**** Data for processing

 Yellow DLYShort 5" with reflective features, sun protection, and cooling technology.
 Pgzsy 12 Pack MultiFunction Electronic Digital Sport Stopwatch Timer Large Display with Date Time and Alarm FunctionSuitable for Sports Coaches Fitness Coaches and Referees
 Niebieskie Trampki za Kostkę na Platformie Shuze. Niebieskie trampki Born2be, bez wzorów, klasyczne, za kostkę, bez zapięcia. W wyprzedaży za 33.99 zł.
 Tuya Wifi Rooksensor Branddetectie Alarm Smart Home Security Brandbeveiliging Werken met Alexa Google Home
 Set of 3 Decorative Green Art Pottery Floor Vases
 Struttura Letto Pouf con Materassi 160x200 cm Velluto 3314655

********
**** Data for processing

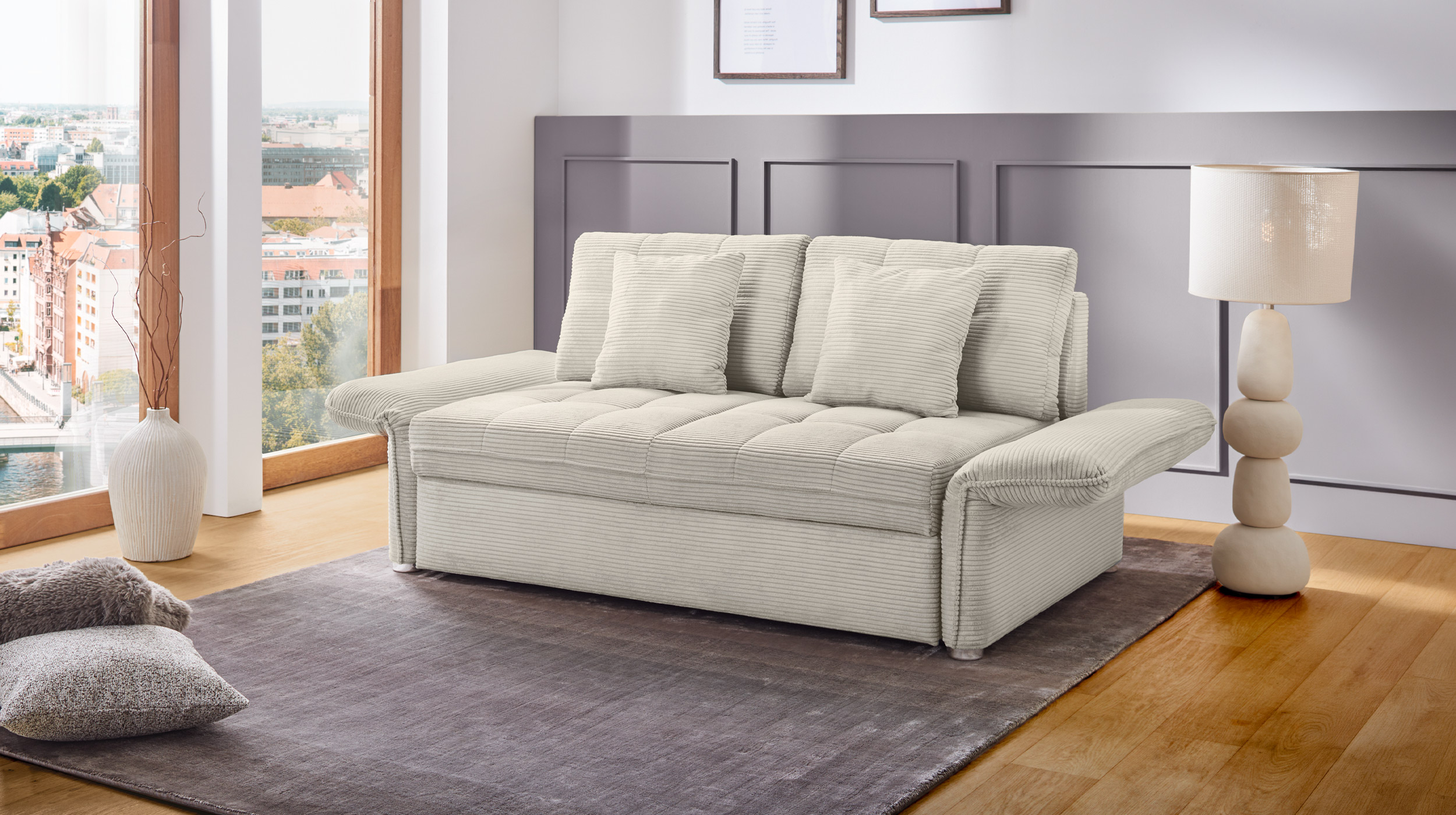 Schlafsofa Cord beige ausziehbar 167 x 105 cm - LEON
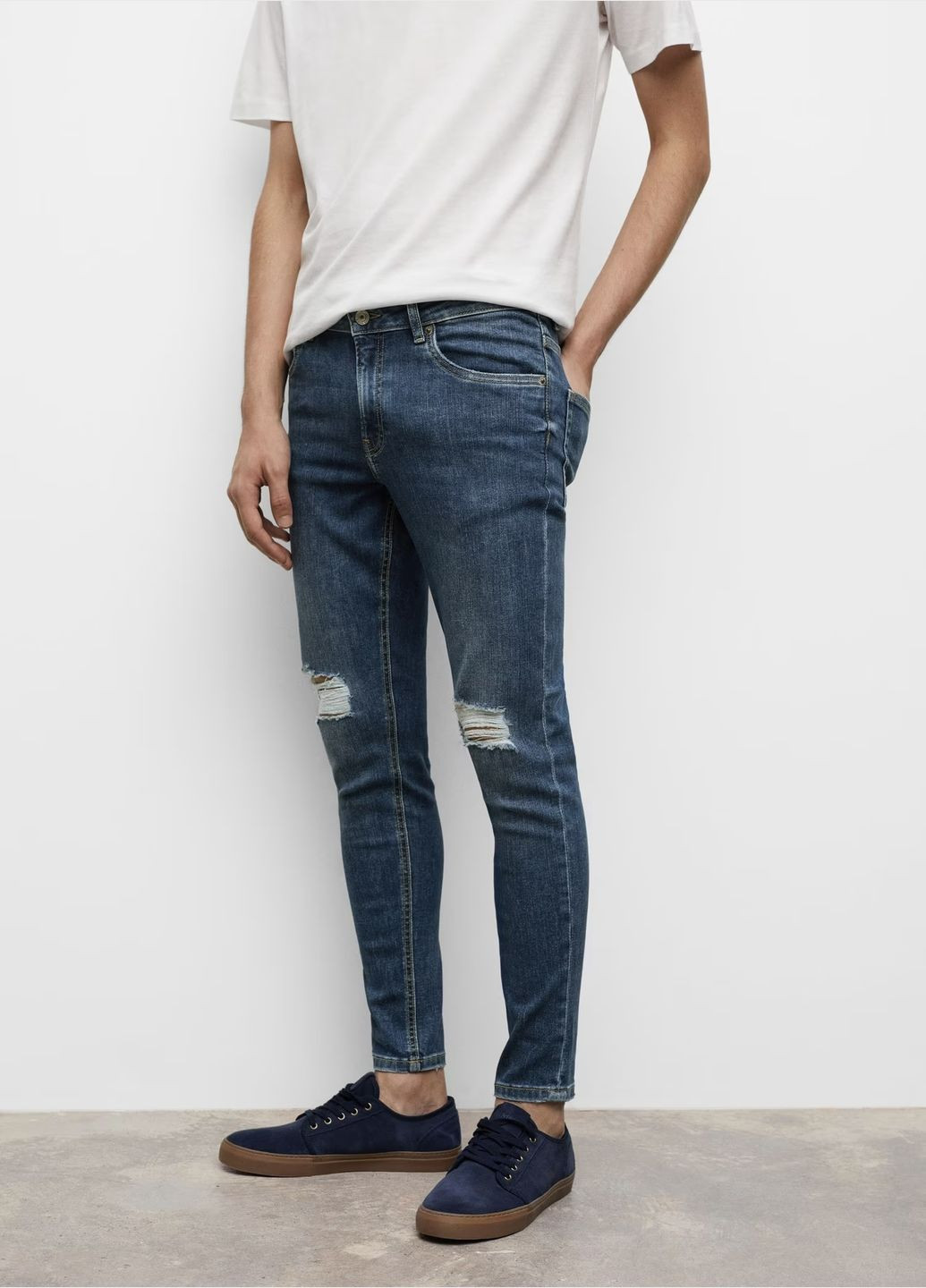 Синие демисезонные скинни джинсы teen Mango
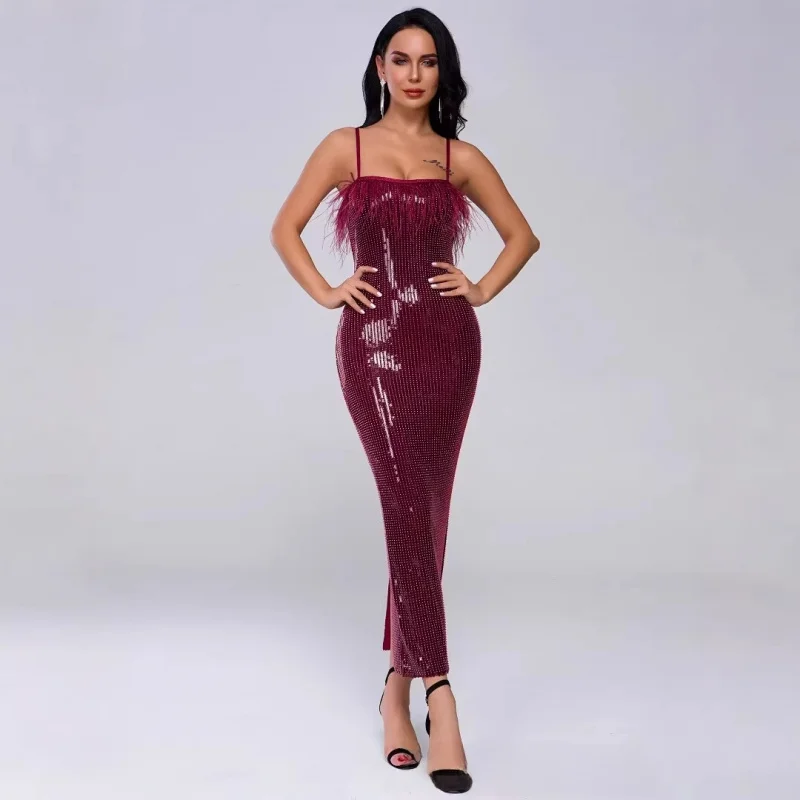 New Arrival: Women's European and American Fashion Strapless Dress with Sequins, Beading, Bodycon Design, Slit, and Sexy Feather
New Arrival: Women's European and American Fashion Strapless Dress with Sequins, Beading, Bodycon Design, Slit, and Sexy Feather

********

# What is being asked
Determine how many lines in the records contain "Alarm", and reply with the number only.

# Finished exercise
2